# Analyzing Stock Prices 

In this project, I will be working with stock market data that was downloaded from [Yahoo Finance](https://finance.yahoo.com/) using the `yahoo_finance` Python package. This dataset has daily stock prices from `2007-1-1` to `2017-04-17` for several hundred stocks traded on the NASDAQ stock exchange. This data is stored in the `prices` folder. Each file in the `prices` folder is named for a specific stock symbol, and contains the following columns:

* `date`: date that the data is from.
* `close`: the closing price on that day, which is the price when the trading day ends.
* `open`: the opening price on that day, which is the price when the trading day starts.
* `high`: the highest price the stock reached during trading.
* `low`: the lowest price the stock reached during trading.
* `volume`: the number of shares that were traded during the day.

## Reading in the data

In order to read in and store all of the data, I will need three layers of indices.
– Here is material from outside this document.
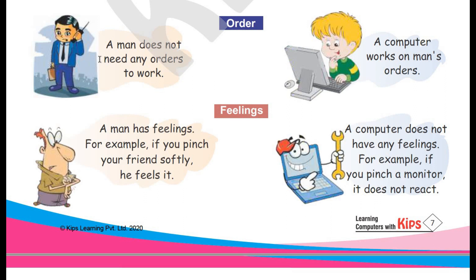Order. A man does not need any orders to work. A computer works on man's orders. A man can give orders but doesn't need orders to work on his own. A computer, however, cannot work without man's orders — we have to give orders to computers so that they can work.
They are as follows:

1. The stock symbol, or a numeric index representing the stock symbol.
2. The rows in a stock symbol csv file.
3. The column names in a stock symbol csv file.

I will first determine an initial appropriate data structure for each layer. 

* For layer 1, a hash table seems to be most fitting since it will allow me to do quick searches based on keys, which will be the stock symbol. 
* For layers 2 and 3, a list will work for now. 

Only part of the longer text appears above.